EVGENI ONEGIN de Tchaikovsky — Fundação Calouste Gulbenkian, 6.03.2020

(Review in English below)

Foto ©FCG

A ópera Evgeni Onegin foi composta pelo expoente máximo do romantismo russo na música — Piotr Ilitch Tckaikovsky. O romance em verso homónimo de Pushkin — marco da literatura russa —  foi a base para o libreto escrito pelo próprio compositor e por Konstantin Shilovsky. Já escrevi neste blogue que sou um grande admirador desta ópera pelo arrebatamento que tudo me causa.

A FCG apresentou-nos uma ópera com uma encenação de Kristiina Helin. A dificuldade em fazê-lo no edifício é evidente, mas o resultado é interessante, recorrendo a algumas soluções engenhosas.

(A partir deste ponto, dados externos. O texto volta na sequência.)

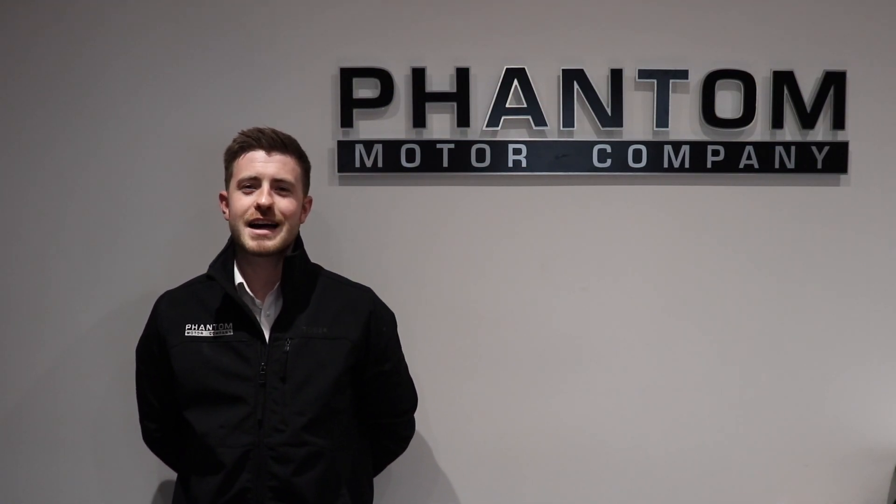Hi, my name's John from Phantom Motor Company. I'm here to introduce to you the Focus RS, finished in Nitros Blue. We offer free UK delivery on all of our vehicles, competitive finance packages are available, and part exchanges are accepted. Enjoy the video.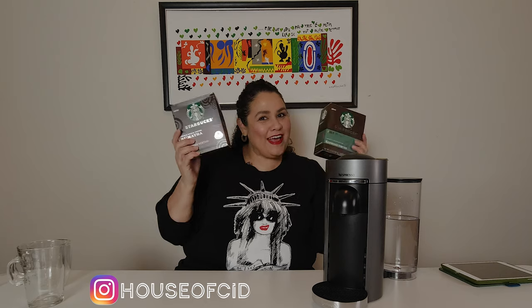Hello friends, this is Veronica from House of Sid and look what I got. I'm so excited to make this video for you guys. Finally, after the rumors we've been hearing in the Nespresso community for months and months, it's finally here — Starbucks by Nespresso Vertuo capsules. So today's video is all about these capsules. They're finally available. You guys ready? Let's get started.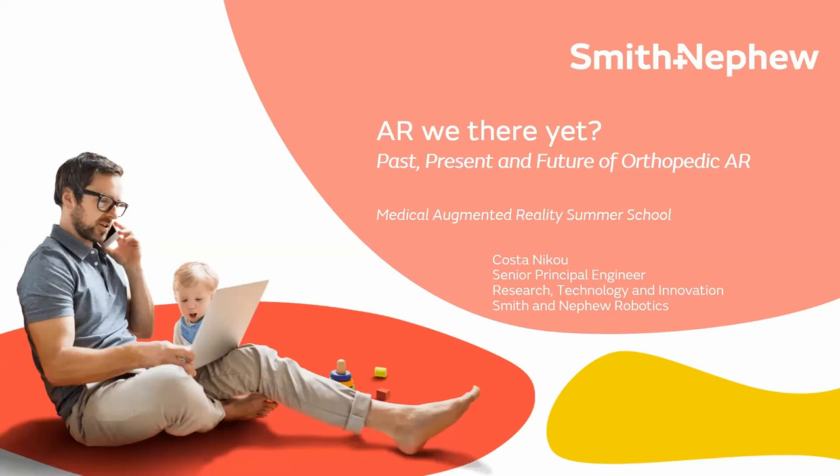Thanks to everybody for the great talks so far and thanks for the introduction, and also thanks to Dr. Johnson for teeing up orthopedics — that was a great primer in some of the concepts I'll be demonstrating today. Smith and Nephew is a multinational orthopedics and wound management division. I am with the robotics group, and things like augmented reality fall into my domain — I work in the advanced research division where AR, navigation, and robotics are where I play.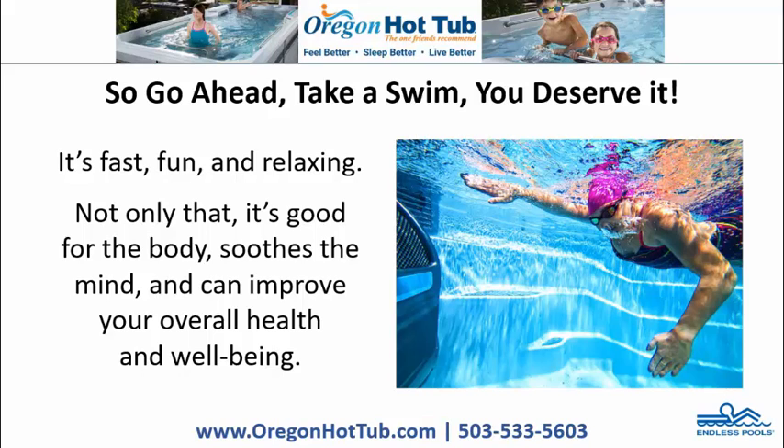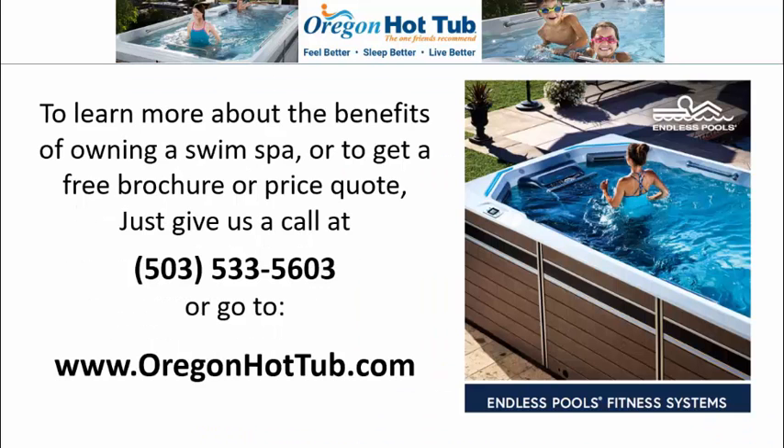Not only that, it's good for the body, soothes the mind, and can improve your overall health and well-being. To learn more about the benefits of owning a swim spa, or to get a free brochure or price quote, just give us a call or go to www.oregonhottub.com.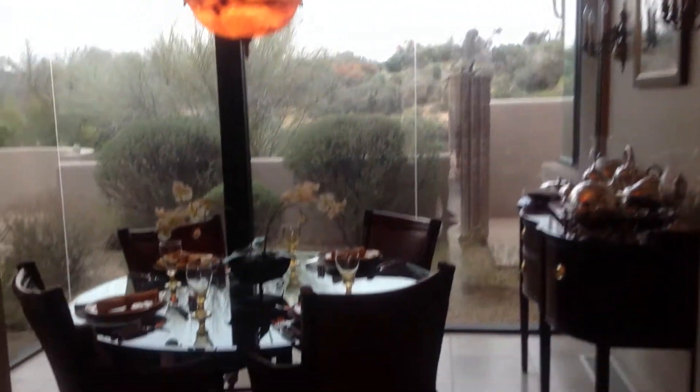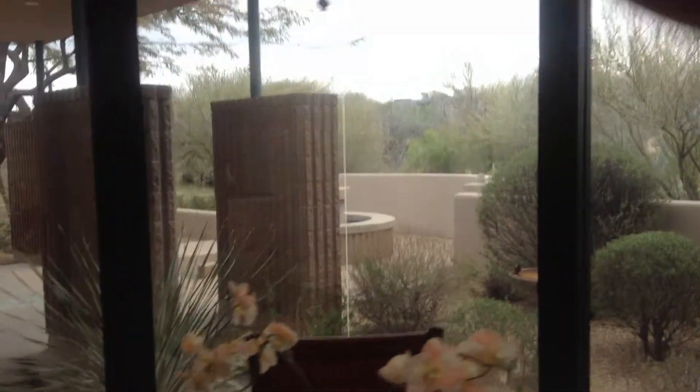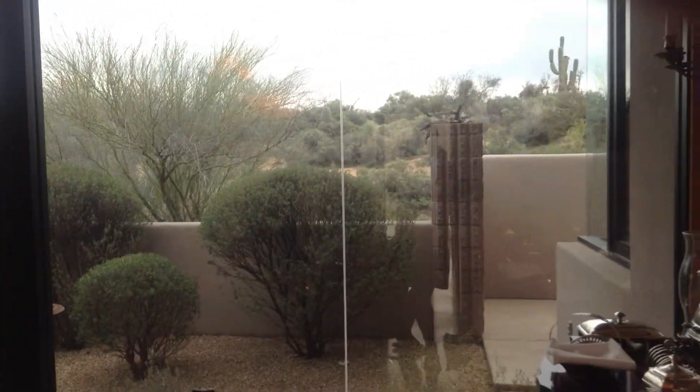Coming off the kitchen, here's an eating area that overlooks a patio area, and here you can see that fire pit that we saw before. Lots of glass.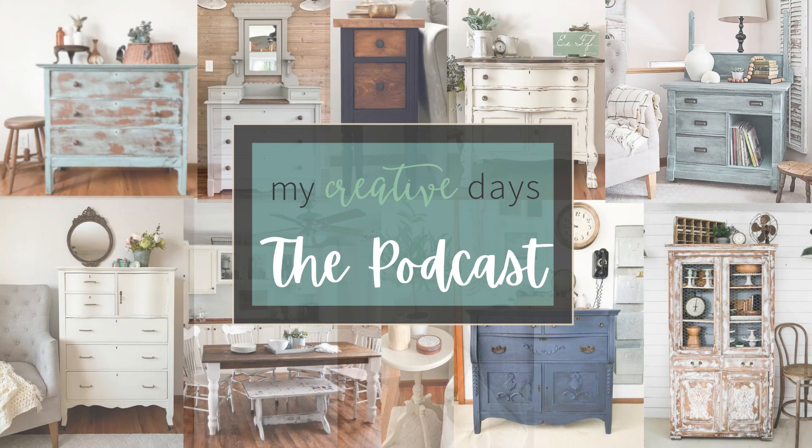Welcome to the My Creative Days podcast, where we will talk about all things DIY, foam decor, decorating tips, and creating a beautiful home on a budget. I am hoping our time together will spark a creative idea, help you plan your next DIY, or inspire you to finally tackle that project you keep putting off. Grab your favorite cup of motivation and let's chat.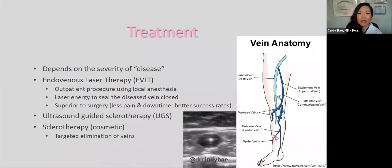Treatment depends on the severity of the disease. We have endovenous laser therapy — an outpatient procedure using local anesthesia where laser energy seals the diseased vein closed. It's superior to surgery with less pain, less downtime, and better success rates. We also have ultrasound-guided sclerotherapy, where ultrasound helps find the vessel underneath the skin, and standard sclerotherapy, which can be medical or cosmetic for targeted elimination of veins.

O primeiro ato começa com Tatiana, Olga, Larina e Filipnieva sentadas na boca do palco em bancos e com os pés apoiados em livros. As personagens ficam de costas ou de frente de acordo com a secções das cenas. Por trás, num pano semitranslúcido, projetam-se naturezas mortas, não impedindo de ver a orquestra espalhada pelo palco e o coro nas suas laterais. Já a cena da carta passa-se num palanque ao fundo do palco, o que dificulta a tarefa aos cantores e não transmite intimidade do quarto ou o bucólico do jardim, uma vez que é aí que se dá o sermão.
Foto ©FCG

O 2.º ato começa com os cantores na boca do palco novamente, com umas danças simples e monótonas que se alastraram ao confronto amorfo entre Onegin e Lensky. A personagem Triquet é apresentada com o figurino de Joker, em modo fanfarão e dinâmico, empunhando um taco de golfe, o que me pareceu discutível, assim como toda a utilização deste figurino como testemunha de Onegin e na cena final. A cena do duelo volta ao palanque no fundo do palco onde se abre uma cortina que expõe o Jardim da Gulbenkian onde se produz fumo, transmitindo a frieza do local. O 3.º ato começa com a casa de Gremin. Este está com Onegin no palanque, enquanto Tatiana entra pela porta lateral do anfiteatro e se projetam luzes em bolas de discoteca, o que cria um efeito de luz interessante na sala. A cena final é trazida de novo à boca do palco, o que se agradece, porque permitiu aproximar o público do drama. No final, Joker cobre a face de Onegin com uma máscara branca. Creio que a ideia era dizer que Onegin é tão psicopata como Joker, coisa de que discordo totalmente e é uma associação infeliz.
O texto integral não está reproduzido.